Cuando alguno de ellos entra en el santuario, los demás lo siguen con la mirada pensando en las guarrerías que hará. ¿Va a atarla? ¿En qué postura se la follará? ¿Por detrás? ¿A lo misionero? ¿O contra el marco de la puerta? Y estas imaginaciones licenciosas turban sus semblantes.

Ese mundo de relaciones anárquicas me fascina. Me pregunto de qué color, de qué textura serán sus sexos. El perfume salvaje de estos pensamientos obscenos me envuelve y me pongo a sudar.

De pronto dos brazos me ciñen la cintura. Me doy la vuelta, veo un gran mostacho. El hombre está tan embargado de deseo que su agua de colonia parece desafiar a ese olor mareante a almendras tostadas que yo me conozco. Tiene los ojos inyectados en sangre de pura excitación. Por el paquete de su pantalón advierto que está a cien.

—¿Cuánto?

Sin apenas darme tiempo a contestar, el hombre se saca el tulipán. Movida por una curiosidad perversa empiezo a tocárselo con delicada morosidad. «Eso», resopla él. En sus ojos extraviados percibo su flaqueza, esa maleabilidad de los hombres. Pero también que tengo un cuerpo de posibilidades insospechadas con las que, en adelante, he de contar. Me siento infinitamente poderosa. Soy la punta y el cabo, el principio y el fin de todo. Amago con hacerle una caricia palatal y, poniendo boquita de piñón, echo mi aliento caliente sobre su túrgida virilidad, cosa que lo vuelve loco. Por encima de su cuello rollizo le veo los gruesos labios jadeantes. El hombre se impacienta, se exaspera, blande su verga ante mis labios como un látigo.

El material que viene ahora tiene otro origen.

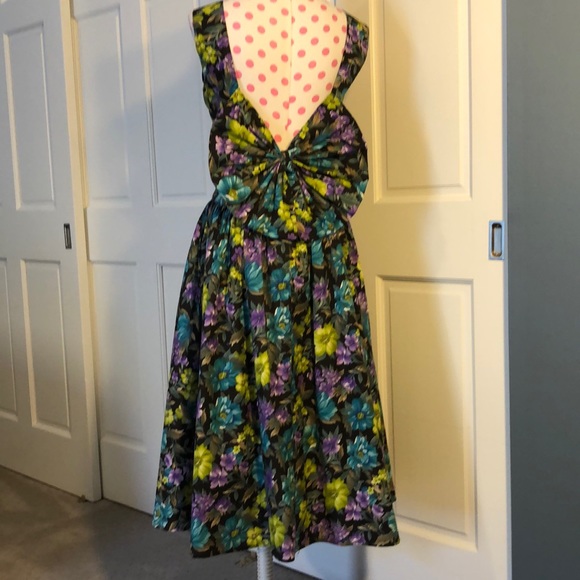 All That Jazz Boutique Dress - Picture 2 of 8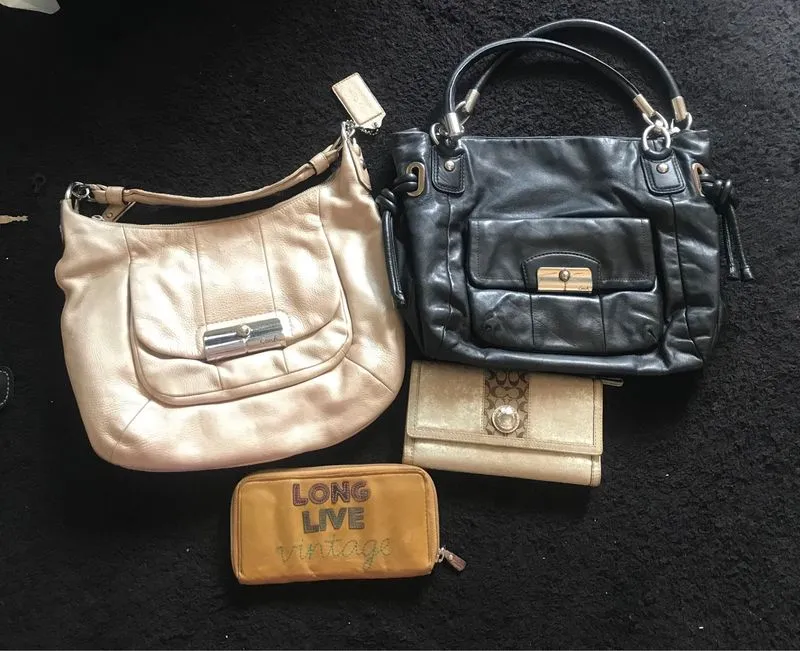 Borongan Tas Dompet Branded Original photo 1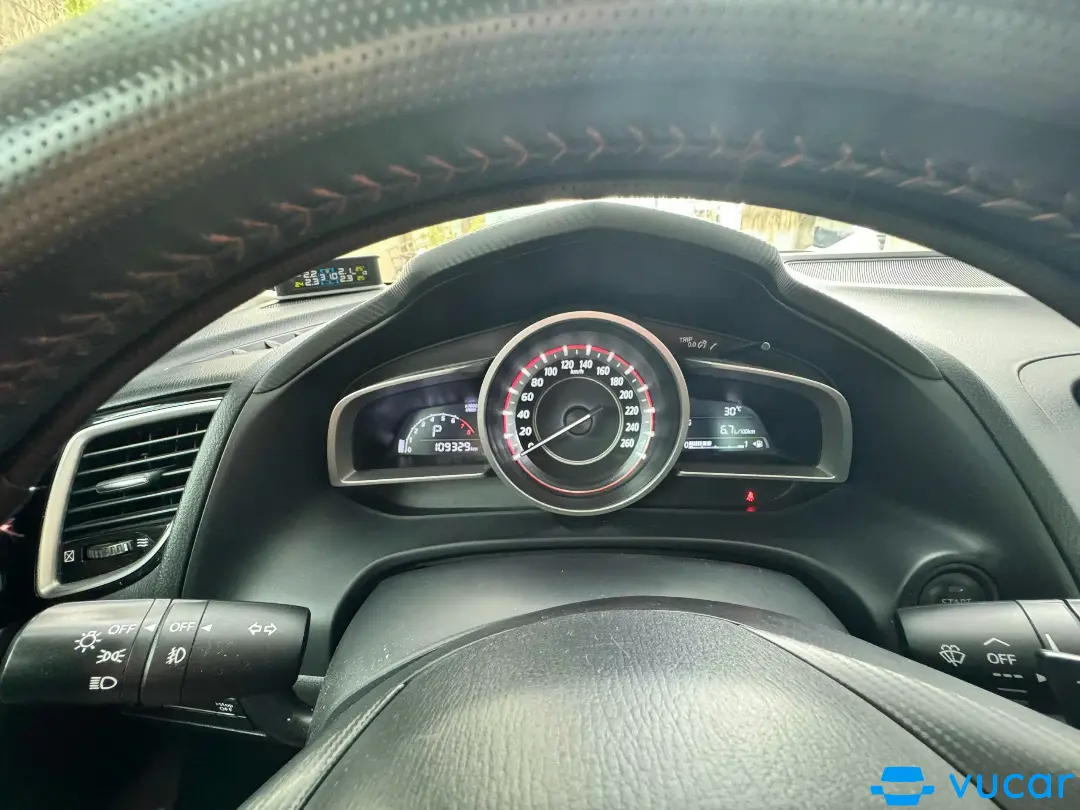 Mazda 3 1.5 AT 2016 - Nội thất 6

—¡Cómetelo, rápido! —farfulla—. ¡Ahora mismo!

Abro la boca y, sin darme cuenta del todo, le pego un mordisco. El hombre da tres brincos hacia atrás y, a la luz de una luna perpleja, se pone a bailar de dolor, alejándose más y más… Su cólera desgarra el silencio:

—¿Estás loca o qué? —dice fulminándome con la mirada—. ¿Qué te pasa, so zorra? ¡Me has hecho daño!

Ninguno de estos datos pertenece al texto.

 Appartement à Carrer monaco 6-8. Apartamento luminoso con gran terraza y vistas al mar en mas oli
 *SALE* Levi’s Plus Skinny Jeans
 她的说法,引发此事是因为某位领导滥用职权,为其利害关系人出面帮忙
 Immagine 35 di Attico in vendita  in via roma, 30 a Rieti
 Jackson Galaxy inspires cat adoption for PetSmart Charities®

—¿Así me das las gracias? ¿Tú has visto como estabas? Acabo de salvarte la vida. ¡Si no llego a calmar tu ardor, te da un ataque al corazón!

—¡Menuda loca! Vete antes de que te mate.

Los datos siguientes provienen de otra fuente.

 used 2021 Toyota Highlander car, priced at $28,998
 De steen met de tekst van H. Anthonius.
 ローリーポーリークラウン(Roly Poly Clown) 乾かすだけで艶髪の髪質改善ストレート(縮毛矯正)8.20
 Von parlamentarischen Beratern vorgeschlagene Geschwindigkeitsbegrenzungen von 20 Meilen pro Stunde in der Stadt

Y al poco, en medio del sofoco de la ciudad, me invade una dicha inefable. Siempre que causo dolor a alguien me estremece un placer inexplicable. Doy brincos de alegría y palmadas como un niño en el recreo. Y haciendo cabriolas vuelvo a casa de Ousmane. En cuanto franqueo el umbral, una sombra me sale al paso: Fatou.

—Es hora de comer algo —me dice.

En el comedor la acribillo a preguntas, y ella, cada vez que responde a una, abre los brazos como para acogerme por siempre jamás en la humedad de sus axilas.